Referring to the 1989-1990 period, the prime minister said that the relationship today to events of the time are by no means direct or unbreakable. From the vantage point of that period, “perhaps we would not believe that through so many failures, in such a short time, we would have come so far.” Yet from today’s perspective, “we see the negative aspects and mistakes,” he said, noting the million jobs that disappeared in the period following the change in political system, lost markets to the East and “spontaneous” privatisations.
Until 2010 the majority of Hungarians felt they were the losers of the change in political system. “Along the way the energy, dynamism and enthusiasm that was engendered at the start of the 1990s was broken.” Then after the 2008 financial crisis, after 40 years of communism, trust in unregulated markets and liberal democracy evaporated, Orban said.

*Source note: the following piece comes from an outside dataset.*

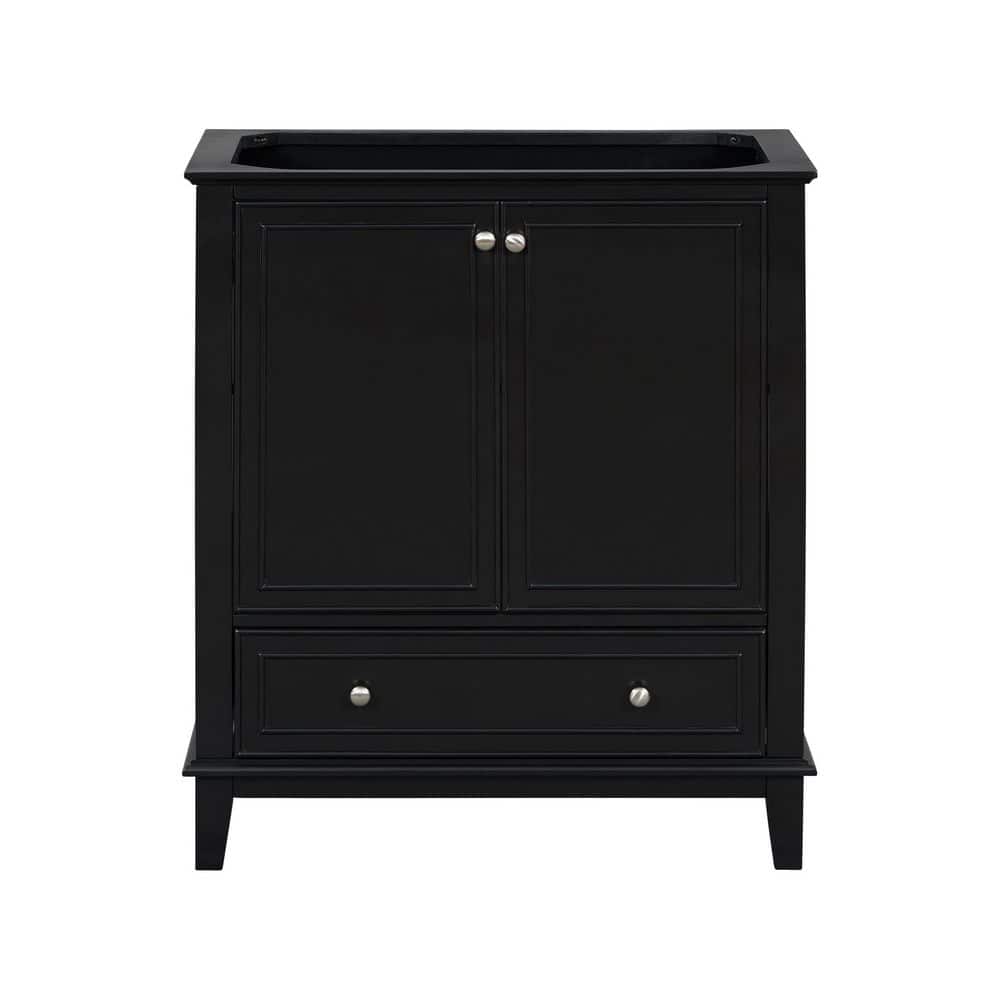 30 in. Bath Vanity Cabinet without Top in Black with Doors and Drawer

Now ever fewer people see the positives of the change of regime and ever more who can only see the downsides, he added.
The market brought to light everything that communism had hidden from sight for so long, he said, noting joblessness, inflation, real market prices and the crisis of big industry. There were those who wanted to “go back to sleep” and return with nostalgia to the period of Janos Kadar, Hungary’s communist-era leader, Orban said, adding that in 1994 anyone who entered the election campaign promising only solutions in line with the country’s possibilities did not have a chance of winning.
The clear turning point was in 2006, when former prime minister Ferenc Gyurcsany made his infamous “lies speech”, Orban said. Besides the 2008 economic crisis, there was a crisis of trust which only ended in 2010, he added.

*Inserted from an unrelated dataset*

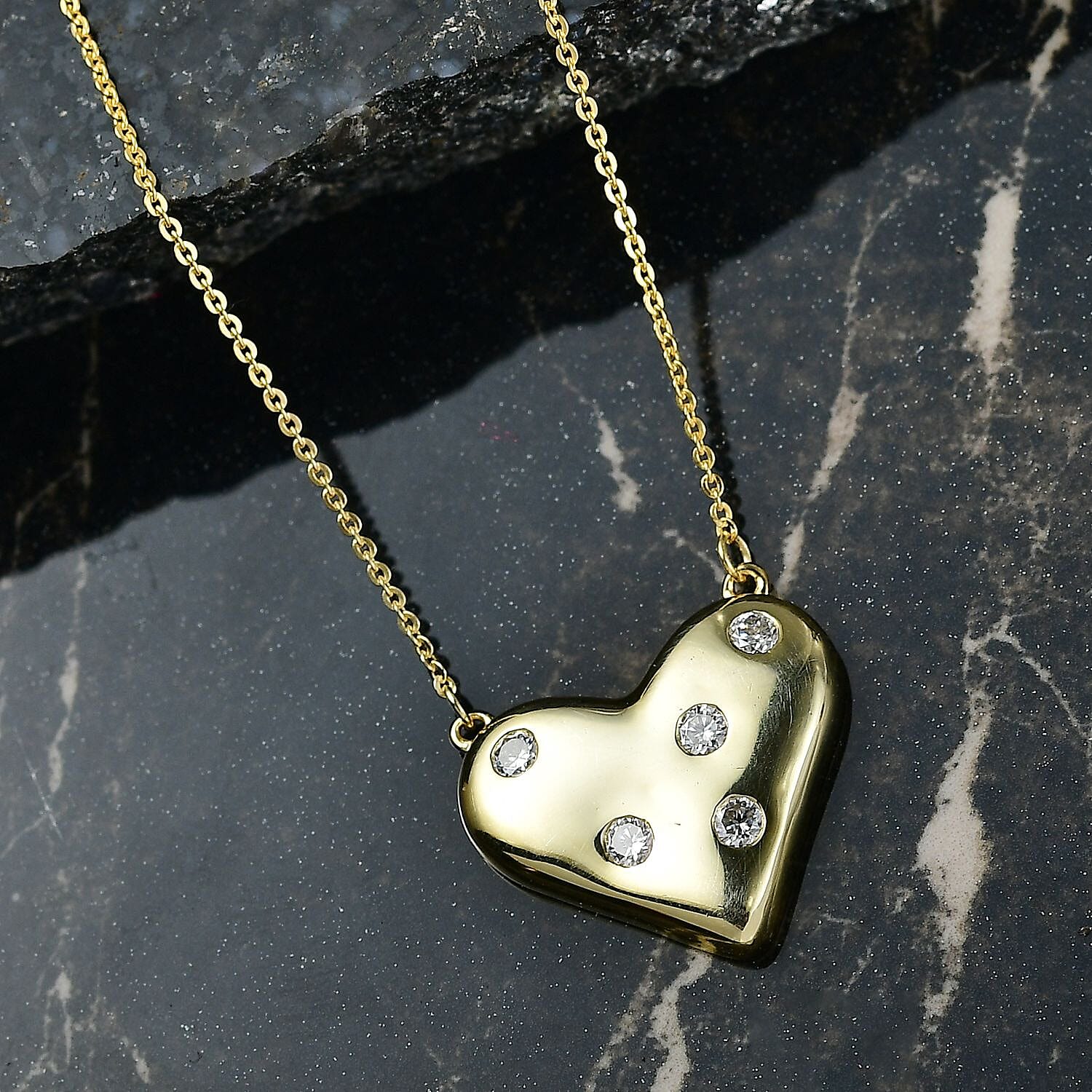 Moissanite Heart Necklace (Size - 20) in Yellow Gold Plated Sterling Silver, Silver Wt. 4.62 Gms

After two decades of “delay”, the Hungarian people “enacted a revolution” in 2010, the prime minister said. The electorate gave sufficient power to do what was needed for Hungary, he added. “Who would have thought in 1994 that our political community would bring about a two-thirds majority and bring to its fruition the missing revolution?” In 2014, Hungarians finally put a full stop after several decades of debates by authorising the second two-thirds, he said.
Orban said the past five years had shown that by acting together “we can turn around seemingly hopeless things,” referring to “sparking the economy, freeing families and local councils from debt servitude, taxing multinationals and banks, and sending the IMF home.”
The prime minister also mentioned the introduction of “Europe’s most state-of-the-art constitution” which, he said, had ensured implementation of the most difficult and biggest structural and economic transformation, unlike the 1949 constitution which “failed to bind successive governments to the interests of the nation.”
“We protect families, we give work instead of benefits, we stand up for Hungarian interests in Brussels and we have recaptured national sovereignty, too,” Orban said. “We fought the good fights; it was merry, manly work. We thank the ladies for their help,” he added.